I’ve heard a variant, “eating out at the Y”. The YMCA in my hometown used to have a cafeteria and served inexpensive lunches, so it was a double entendre around there. My father used to eat lunch at the YMCA when he was in high school- meat, two veggies, coffee or milk for 15 cents (1930s). I know the cafeteria was there at least into the 1970s.

Yeah, I got it when I was a kid in the '70s.

Since it is such a well-known joke, how did it get around? Movie? Radio? (Sometimes comedians could slip some things by the censors.) One of those risque records people used to listen to in the '50s and '60s?

While box as slang for the vulva or vagina goes back to Shakespeare, the “box lunch” variant doesn’t appear to show up until the 1960s. Same for “box lunch at the Y.”

Word of mouth most likely. One teen/young adult telling a joke to another.

On the other hand, “box lunch” by itself was a common phrase in the early 20th century. Old high school yearbooks of the era often included advertisements touting “box lunches”, which I presume the students would buy on the way to school. IOW it was a lunch that came in a cardboard box, as opposed to one carried from home in a “lunchbox”.

Box lunch is a generic term used to describe lunches to go sold in a box. It has nothing to do with schools specifically. They usually included a sandwich, piece of fruit or other desert, and something like potato salad. Box lunches are often provided at things like seminars. The term goes way back, at least to the 50s.

I first learned this phrase in the 80’s from the David Allan Coe song, “Fuckin’ in the Butt” which was on a collection of his X-rated songs.

You can listen to it on youtube here:
(spoilered for being very NSFW audio)

http://www.youtube.com/watch?v=tIG6y0jErPgThe pertinent verse begins at about 1:25.

It definitely predates the '80s. (As I said, dad said it in the early-'70s.) Also, the YMCA seemed to be going out of style when I was a kid. It seemed much more relevant in movies from the '50s and earlier. (And the YWCA seemed like an afterthought to the YMCA.)

Oh, I didn’t intend to imply that the song I linked to was the origin of the phrase, or that it originated in the 80’s. Just providing a concrete example of the phrase in pop culture, and one of the ways it has spread. :slight_smile:

As Wendell Wagner pointed out in post #2, the phrase has nothing at all to do with the YM(W)CA (nor box lunches, for that matter).
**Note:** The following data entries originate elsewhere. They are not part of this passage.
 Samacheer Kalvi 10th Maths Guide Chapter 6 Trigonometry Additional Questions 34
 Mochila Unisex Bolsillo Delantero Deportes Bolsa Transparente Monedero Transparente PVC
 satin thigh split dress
The ‘Y’ refers to the shape of the body when the legs are spread.
mmm

That link says nothing about the origin of the phrase. But it wouldn’t be a double entendre if it couldn’t refer to eating a prepackaged meal at an athletic club. (And I already knew the definition given in the link.)

Sure it could. Eating at the Y and eating a box lunch were independently used as double entendres before 1965. Just because some wit combined them doesn’t inply that the YMCA/YWCA previously served real box lunches.
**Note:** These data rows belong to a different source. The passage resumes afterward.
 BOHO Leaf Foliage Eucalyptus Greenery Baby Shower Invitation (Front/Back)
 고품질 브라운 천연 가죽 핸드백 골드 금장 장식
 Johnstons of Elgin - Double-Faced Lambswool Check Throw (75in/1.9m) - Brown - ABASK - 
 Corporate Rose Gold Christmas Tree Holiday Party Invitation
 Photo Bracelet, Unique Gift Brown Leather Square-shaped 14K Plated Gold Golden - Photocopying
I used to go to the YMCA day camp in West Los Angeles, and later the YMCA sleep away camp in the Lake Arrowhead region called ‘Camp Whittle’ throughout the mid and late 1970s during the summer. I was also on the YMCA’s one and only failed ‘Caravan’ camp where they drove us all throughout California, Oregon, and Washington for a summer in an oversize van for several weeks. As to the ‘box lunch’ in question, while bringing your own lunch was the norm during the day camp, there were many locations, like amusement park, where it was not convenient for the kids to bring a sack lunch to haul around all day until lunch because of the activities involved and where there was no mass storage available. On those days, I distinctly remember being told to bring $2 (IIRC) for a ‘box lunch’, which consisted of a sandwich, soda, and potato chips. It did indeed come in a cardboard box, though I can’t confirm that the YMCA actually made these (as opposed to getting them from a local deli/caterer). You did, however, definitely buy them from the YMCA folks. Back in the 70s, it seems to me that having a ‘box’ lunch was somehow a way of implying it was of a higher quality and included the chips and drink. Of course, this is just my guess of the possible origin, not any kind of fact.

Of course it does. That’s like saying the title of the South Park movie, “Bigger, Longer, and Uncut” refers only to the uncensored nature of the movie compared to the television show.

Of course–I’m referring to advertisements from 1900 - 1925, and they probably go back farther still.